Liquidity is drying up across the bond markets. Regulations designed to curtail banks’ leverage have had the unintended consequence of also sharply reducing their ability and willingness to make markets in corporate and even government debt. New regulations on the leverage ratio that will reduce banks’ repo funding books threaten to make matters even worse and to spread the drought from credit markets to rates, the underpinning of all financial markets. Secondary markets are close to a breakdown that will soon imperil the primary markets on which companies and sovereigns depend for funding. All that is masking the decay is the extraordinary actions of central banks. Their stimulus has created what looks like an asset bubble, siphoning abundant investor flows into bond funds all betting on declining rates and narrowing credit spreads. Asset managers’ trade-execution desks have been more worried about how to buy bonds than whether or not they might ever be able to sell them again.
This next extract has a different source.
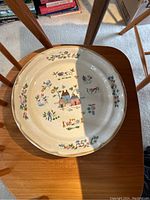 Close-up photo of one of the dinner plates showing cream color stoneware with floral and house pattern design.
And the enlarged primary markets, in which Apple was able to sell $17 billion of bonds in a single go, with lead banks eagerly trading bonds in the first few days after launch, have obscured the underlying structural weakness in secondary markets. But just take away the central banks’ extraordinary provision of stimulus and liquidity and those investors will be left gasping. Investors have spent much of the past few years blaming banks for failing to make markets, blaming regulators for harming their ability to do so and even blaming borrowers for issuing too many different bonds that it’s near impossible to trade. It’s now time that investors took responsibility and did something about the situation themselves. New venues are being set up for asset managers to trade with each other as well as did the bank dealers. These new venues bring new trading protocols, new choices besides the now inadequate request-for-quote model that institutionalizes investor dependence on dealers to make markets. These new solutions will succeed only if investors fully embrace them. They must dare to show their orders and start making dealable prices to other asset managers, rather than just sitting back and waiting for dealers to quote prices to them. That requires a new way of doing business. But if investors don’t make the effort, the consequences might be disastrous. 

Liquidity in the world’s bond markets has reached crisis point. Investors can no longer rely on banks to provide a crucial intermediary function in secondary markets. It’s now time that investors took responsibility and did something about the liquidity challenge themselves. Failure will be disastrous for global financial markets.